There were also three deals of $50 million or more this past quarter, with cybersecurity startup Cato Networks raising $55 million in January, cloud technology startup Redis Labs raising $60 million, and Lightbits raising $50 million.
In Q1 2019, according to the report, deals higher than $20 million were responsible for 64 percent of the total amount invested, while seed and smaller rounds in the $0m–$5m range accounted for less than seven percent, continuing a downward trend observed since late 2015.
There was a major increase in deals that were between $5 million and $20 million (46 total) and that accounted for 40 percent of the overall deals this quarter, according to the study. The most noted figure in the report was for C Round deals, with Israeli companies raising some $476 million in 17 deals, the highest figures since 2014.
Deals backed by VCs amounted to 71 in Q1 2019, compared to 57 non-VC-backed investments. The former accounted for $1.3 billion of the total raised this quarter, an amount that is lesser than the $1.5 billion raised in VC-backed deals in 2018’s Q4, but the highest in recent years.

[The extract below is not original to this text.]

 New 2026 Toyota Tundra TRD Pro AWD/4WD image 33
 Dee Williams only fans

“Israeli high-tech opened the year 2019 with momentum, said Shmulik Zysman, founder and managing director at ZAG-S&W. “We are particularly optimistic as the first quarter of 2019 was the most successful first quarter in the past six years, both in terms of total funding and number of transactions. Another reason for optimism is the high involvement of venture capital funds in the amount of capital invested – one of the highest in the last five years”.

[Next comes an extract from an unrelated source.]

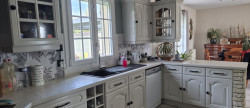 vente Maison Dammartin En Serve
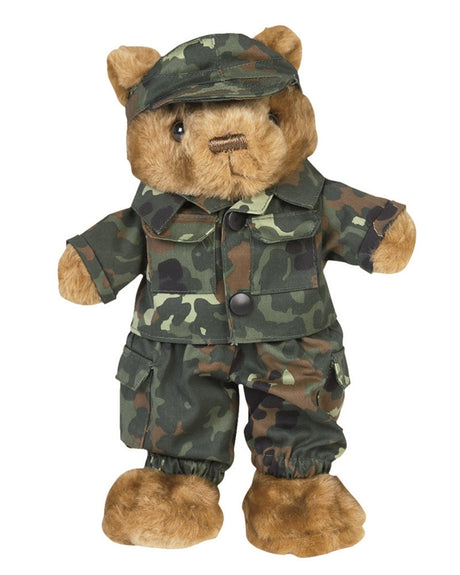 Peluche Mil-Tec Teddy Bear Small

“In the first quarter we have seen the continued trend of “less venturous venture capital”. This trend is evident in the increase of the amount of capital invested in mid and late-stage companies. This contrasts with a certain decline in the capital amount invested in seed- and early-stage companies,” he added.

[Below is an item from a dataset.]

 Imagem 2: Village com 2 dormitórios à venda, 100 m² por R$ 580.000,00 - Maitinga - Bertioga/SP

IT and software companies, which make up the largest sector in the Israeli technology industry, raised $660 million in 57 deals in Q1 2019. Life sciences companies meanwhile raised $260 million, lower than the $315 million in Q4 2018, but slightly higher than the historical average for this sector.
A graph by IVC showing leading tech verticals for Q1 2019.
Artificial intelligence (AI) companies continued the increasingly generate investment with a record 51 companies raising $599 million in the first quarter of 2019, compared to $369 million raised by 30 AI companies in Q1 2018. in this sub-sector, most of the investments were made in early-stage financing rounds (seed + A rounds).
Other tech verticals such as cybersecurity and fintech kept average levels of activity during Q1 2019 which were high – $230 million in 21 deals for cybersecurity companies, and $126 million in 12 deals for fintech firms.
Marianna Shapira, research director at IVC Research Center said: “Capital raising activity continued to be high, especially in artificial intelligence and big data, raising mid-size amounts ($5m to $20m) in A to C round series. This stems from strong follow-on investment activity—approximately 60 percent of the deals were made in investors’ current portfolio (a growth from about 50 percent quarterly average in previous years). Investors mostly concentrated on cultivating their portfolio companies, and mid-stage companies which attracted 43 percent of total capital inflow in Q1/2019.”